With XHTML, case is important—all current standard tag and attribute names are in lowercase. For both HTML and XHTML, the values that you assign to a particular attribute may be case-sensitive, depending on your browser and server. In particular, file location and name references—or uniform resource locators (URLs)—are case-sensitive.
Tag attributes, if any, belong after the tag name, each separated by one (or more) tab, space, or return characters. Their order of appearance is not important. A tag attribute’s value, if any, follows an equal sign “=” after the attribute name. You may include spaces around the equal sign, so that width=6, width = 6, width =6, and width= 6 all mean the same. For readability, however, we prefer not to include spaces. That way, it’s easier to pick out an attribute/value pair from a crowd of pairs in a lengthy tag. With HTML, if an attribute’s value is a single word or number (no spaces), you may simply add it after the equal sign. All other values should be enclosed in single or double quotation marks, especially those values that contain several words separated by spaces. With XHTML, all attribute values must be enclosed in double quotes. The length of the value is limited to 1024 characters.
Most browsers are tolerant of how tags are punctuated and broken across lines. Nonetheless, avoid breaking tags across lines in your source document whenever possible. This rule promotes readability and reduces potential errors.
Starting and Ending (a.k.a. “Closing” or “End”) Tags
We alluded earlier to the fact that most tags have a beginning and an end and affect the portion of content between them. That enclosed segment may be large or small, from a single text character, syllable, or word. The starting component of any tag is the tag name and its attributes, if any. The corresponding ending tag is the tag name alone, preceded by a slash. Ending tags have no attributes.
NOTE: XHTML rules state that all tags must close!
Nesting Tags: The Mirror Principle
According to the HTML and XHTML standards, you must end nested tags starting with the most recent one and work your way back out. For instance, in the example above, we end the title tag (</title>) before ending the head tag (</head>) since we started in the reverse order: <head> tag first, then <title> tag. It’s a good idea to follow that standard, even though most browsers don’t absolutely insist you do so. You may get away with violating the nesting rule for one browser, sometimes even with all current browsers. But eventually, a new browser version won’t allow the violation and you’ll be hard pressed to straighten out your source HTML document. Be aware that the XHTML standard explicitly forbids improper nesting.
Tags without Ends
According to the HTML standard, a few tags (sometimes referred to as “standalone” tags) do not have an ending tag. In fact, the HTML standard forbids use of an end tag for these special ones, although most browsers are lenient and ignore the errant end tag.
For example, the <br> tag causes a line break; it has otherwise no effect on the subsequent portion of the document, and hence does not need an ending tag.
Example: <br /> : old method <br>
XHTML always requires end tags.

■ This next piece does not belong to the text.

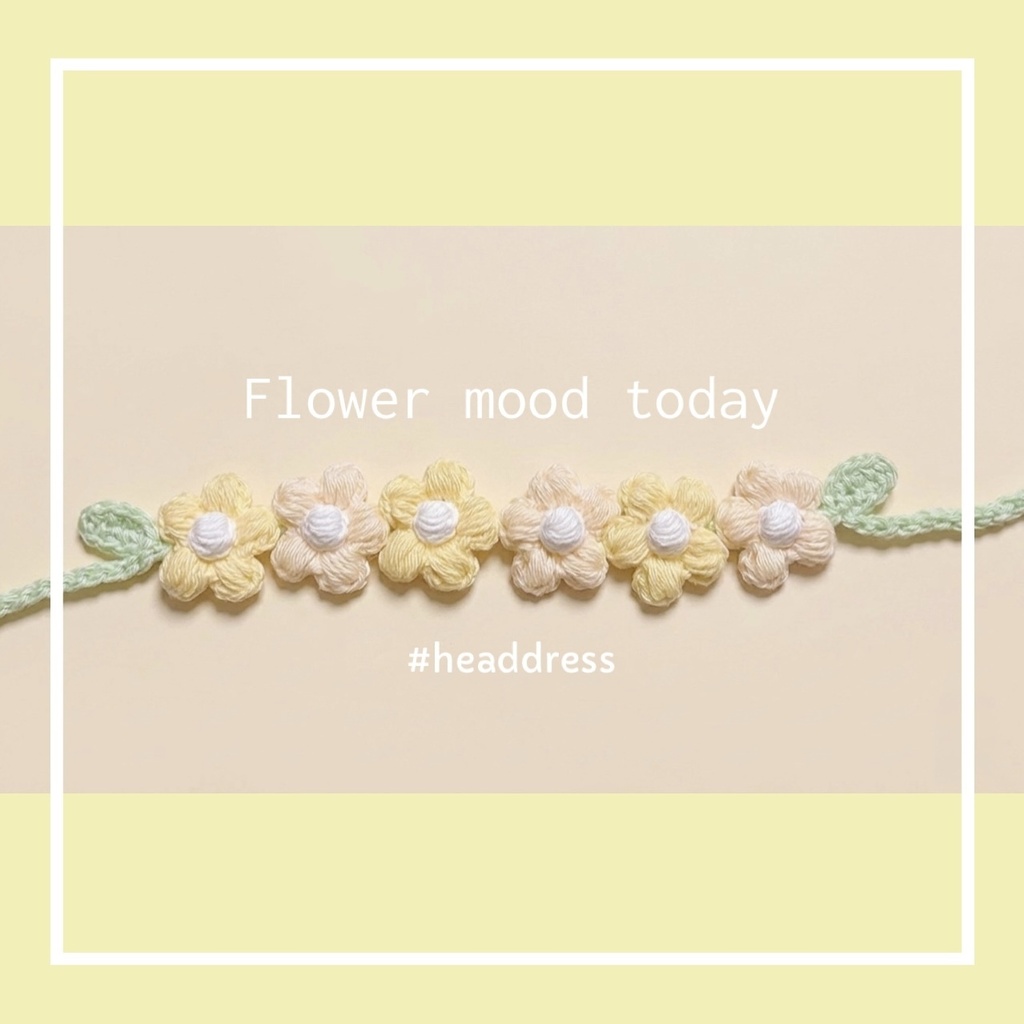 ぬい服＊ヘッドドレス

To modify a “standalone” tag to be compliant with XHTML, you add a forward slash “/” in front of the closing bracket “>”, so that technically you end up with a standalone tag, which however combines start and end notation. You often see documents in which the author seemingly has forgotten to include an ending tag in apparent violation of HTML standards. You may even see a missing <body> tag. But your browser doesn’t complain, and the document displays just fine.
What gives? The HTML standard lets you omit certain tags or their endings for clarity and ease of preparation. Its writers didn’t intend the language to be tedious.
For example, the <p> tag that defines the start of a paragraph has a corresponding end tag </p>, but the </p> ending tag rarely gets used. In fact, many HTML authors don’t even know it exists!
The HTML standard lets you omit a starting tag or an ending tag whenever it can be unambiguously inferred by the surrounding context. Many browsers make good guesses when confronted with missing tags, leading to the incorrect conclusion that the code is correct. We recommend that you consistently add the ending tag. It’ll make life easier for you as you transition to XHTML, as well as on the browser and on anyone who might need to modify your document in the future.
Ignored or Redundant Tags
HTML browsers sometimes ignore tags. This usually happens with redundant tags whose effects merely cancel or substitute for themselves. The best example is a series of <p> tags, one after the other, with no intervening content. Unlike the similar series of repeating return characters in a text-processing document, most browsers skip to a new line only once. The extra <p> tags are redundant and usually ignored by the browser. In addition, most HTML browsers ignore any tag that they don’t understand or that was incorrectly specified by the document author.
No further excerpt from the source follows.